And now, my last thought.

I realized something while I was keeping busy at work today.  (And I'm happy to say it was a very productive day for this girl.)  I realized what I keep doing that holds me back.  See, as long as I can remember, I've always tried to be my family's 'other' good girl.  My sister fulfills the role currently, and I'm...just kinda there.  I have no doubt they care about me, but I kinda feel like the spare whom no one's quite sure what to do with, so they've tried to mold me as they saw fit.  But in light of more recent events, it's hard to say if they truly disapprove of what I'm doing.  Are they likely disappointed?  More likely than not, especially since Mortuary Science isn't exactly the most orthodox of career choices.  But Mom always did stress how important she thought an education was for me, and I'm sure her approval that I'm back in school and actually working toward a tangible goal (as opposed to some nebulous 'maybe') works to somewhat mitigate any disappointment she might feel.  Dad, well, I can only hope for the same.

But I need to stop this.  I need to stop letting my perceptions of any disapproval/disappointment they might feel get in my way.  It's a hindrance that I really don't need right now, not when I know what I need to do in order to survive up here.  I need to straighten up, realize that my not always being able to please them isn't a fatal flaw in me, and stop letting it hold me back.  I need to move ahead with my life and my choices; if they approve, great.  If not, I have other places where I can find whatever encouragement and approval I might need.  I need to let go of any perception of their disapproving of my choices, and do whatever it takes to not only survive here, but to thrive.
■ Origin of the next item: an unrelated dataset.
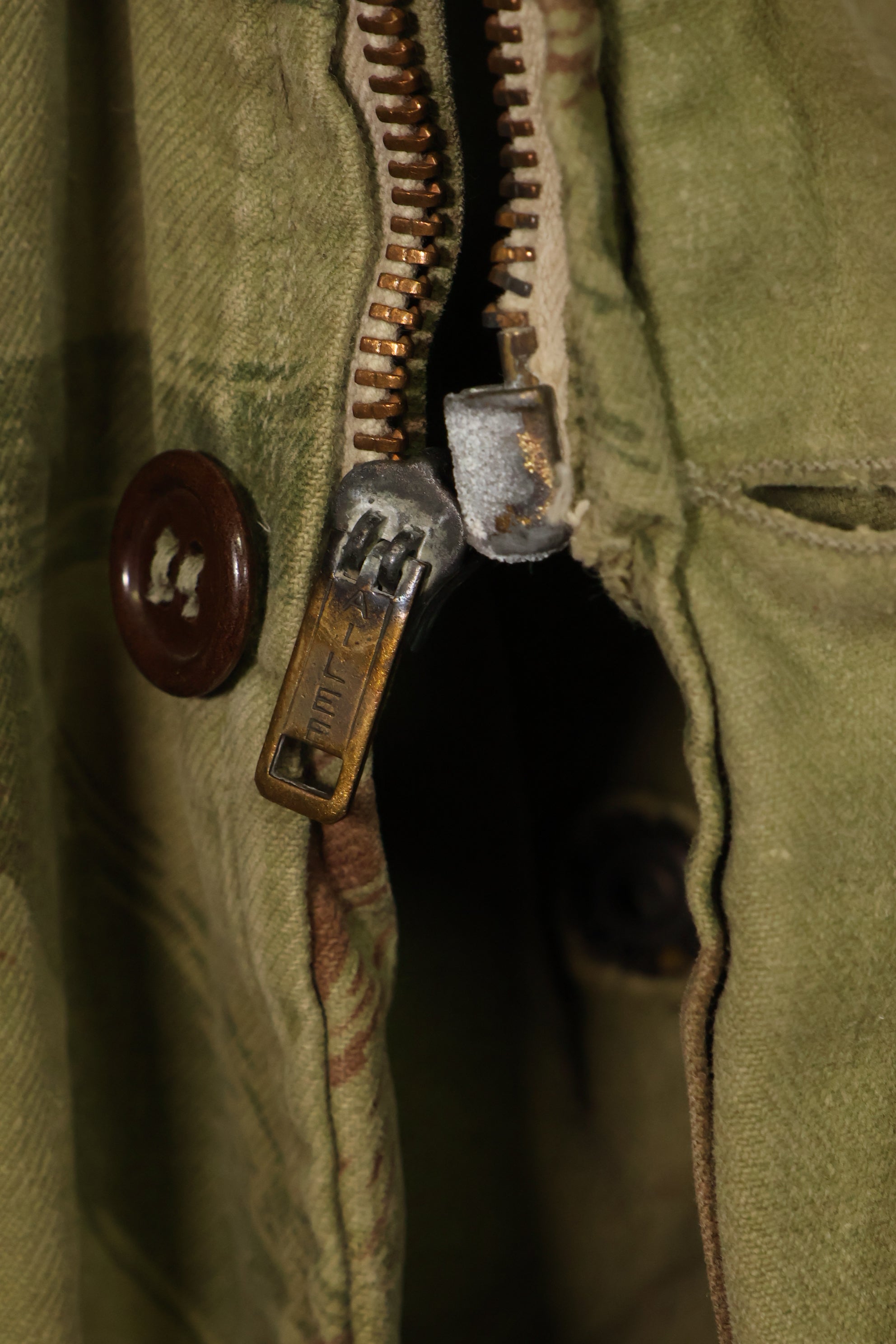 1950s French Army Lizard Camouflage TAP 47/53 Airborne Jacket with Israeli Stamp Used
While I was working, I remembered a saying I read many years ago.  Once I remembered it, I kept repeating it to myself.  After a while, I felt good enough to sing along with the music playing over the radio at work.  What was the saying?  'Yard by yard, it's too hard.  Inch by inch, it's a cinch.'  And for me it's true.  If I try to change everything about me overnight, I'll most likely fail.  If I change in positive increments, I'll be a success.  Just cheer me on, offer encouragement/advice/etc where you can, and I'll pull through.  I know I can.